His cool-headedness has been key to its success. As a long-term investor, he looks for resilient companies with staying power and doesn’t chase fads. He tries to avoid firms that lack an enduring competitive advantage, steers clear of those loaded up with too much debt, and scrutinizes their leadership’s integrity and prowess.
The strategy stands out for its sprawling portfolio of 800-plus stocks drawn from across the globe and market-cap spectrum. Once solidly small-cap-focused, it now orients toward mid-caps but distinguishes itself from that category by owning an above-average stake of large caps (34% of assets) and small caps (30%). Its generous helping of European and Japanese firms, which have tended to enhance the strategy’s risk-adjusted returns, also sticks out.

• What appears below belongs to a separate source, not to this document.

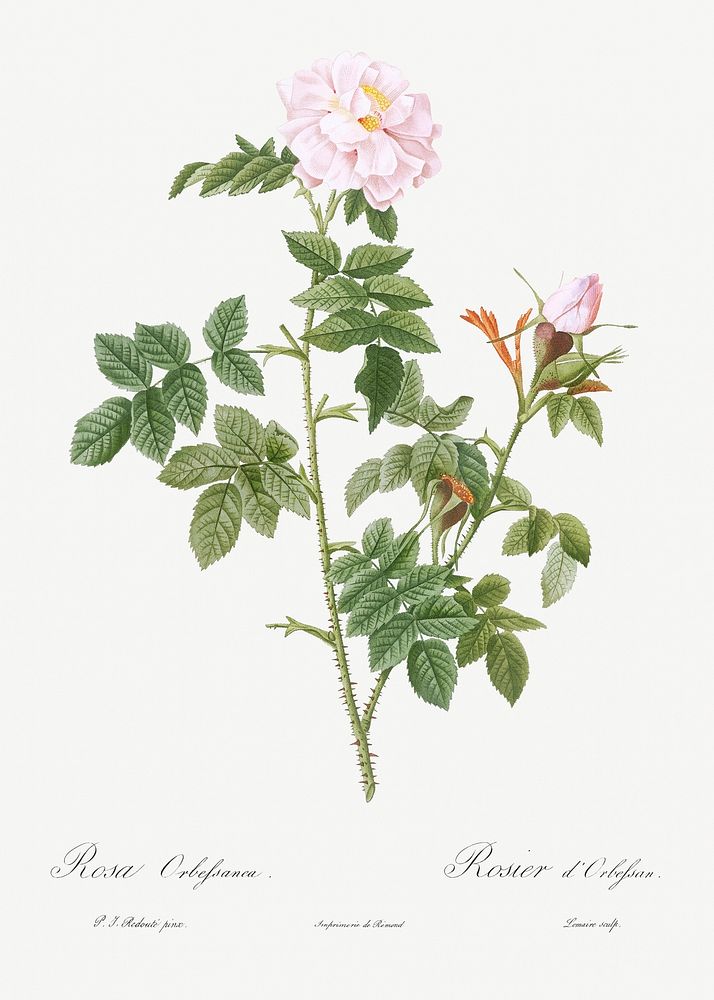 Pale pink flower, Rosa orbefsanea from Les Roses (1817&ndash;1824) by Pierre-Joseph Redout&eacute;. Original from the…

Altogether, foreign stocks regularly soak up more than 35% of the portfolio, typically the highest share in the category. Tillinghast’s partiality for high-quality fare reveals itself through the portfolio’s average returns on equity, which are far higher than the Russell Midcap Value Index’s, and its aggregate debt/capital ratio, which is consistently lower
Focused on the long term.
Manager Joel Tillinghast looks for sturdy, underpriced businesses. Stocks selling for less than $35 or with an earnings yield (12-month earnings per share/share price) at least as high as the Russell 2000 Index’s median are considered to be potential bargains. But his “low-priced” mandate isn’t steered by stinginess. As a long-term investor, Tillinghast wants to own resilient companies with strong profitability, little debt, a defendable market niche, and capable leadership.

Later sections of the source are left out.